## INFORMATION GIVEN
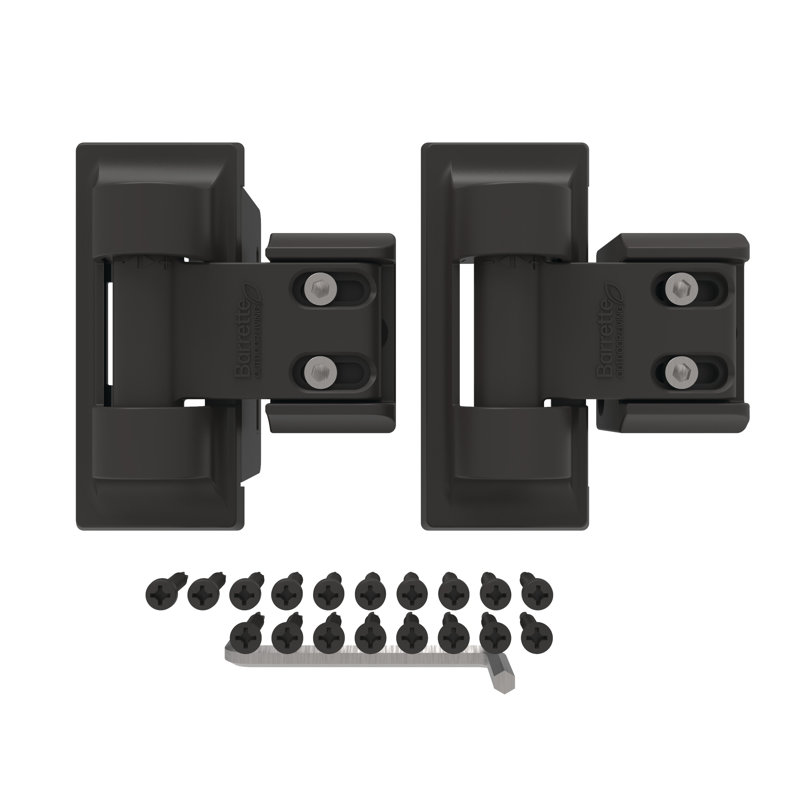 Standard Wrap Hinge, Bronze
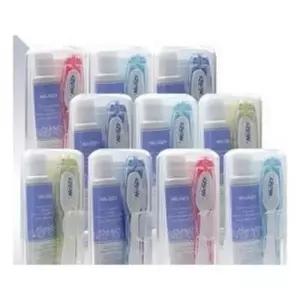 ( )여행용 3단접이식 니치칫솔치약세트(10개) 랜덤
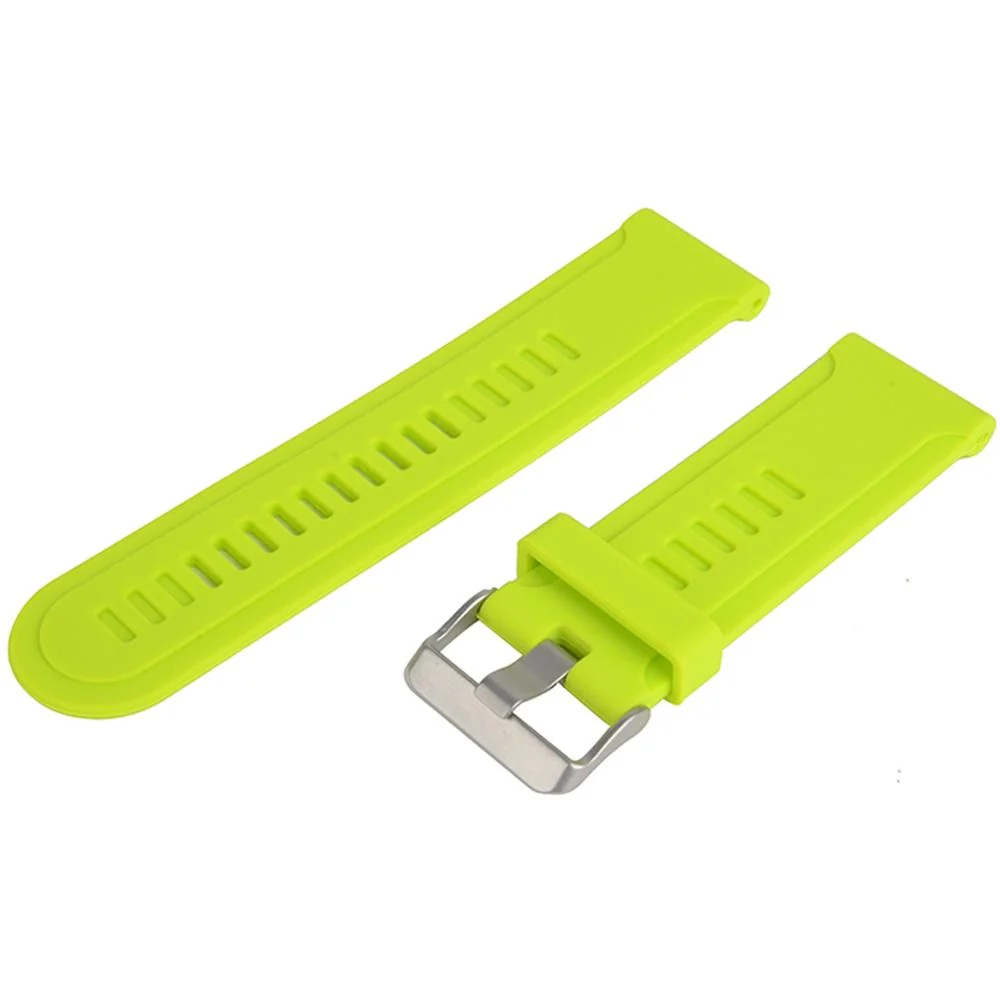 General Brand Green Silicone Wrist Band for Garmin Fenix 5 Smartwatch - Image 2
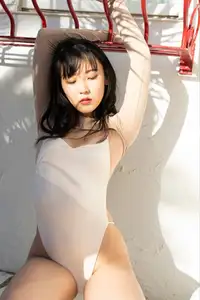 JP Moka Hayashida - FLASH: Radiant Japanese Beauty Unveiled in Digital Photobook-11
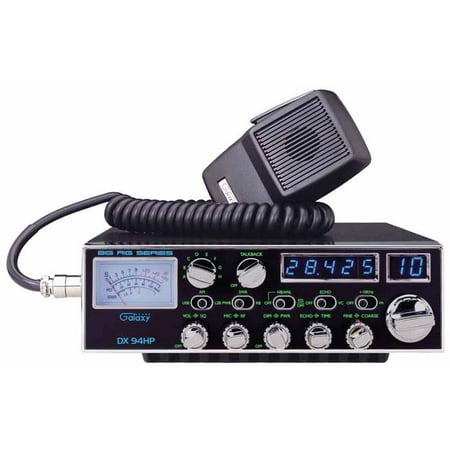 UPC 656955100946 product image for Galaxy DX94HP 10 Meter 100 Watt Am-Usb-Lsb with Echoroger Beep | upcitemdb.com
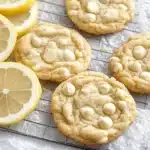 Lemon Coconut White Chocolate Cookies Recipe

## TASK PROMPT
Output only these lines, word for word: the line containing "UPC 656955100946 product" and every line after it through the last line of the data. Omit the pictures.

## RESPONSE AREA
 UPC 656955100946 product image for Galaxy DX94HP 10 Meter 100 Watt Am-Usb-Lsb with Echoroger Beep | upcitemdb.com
 Lemon Coconut White Chocolate Cookies Recipe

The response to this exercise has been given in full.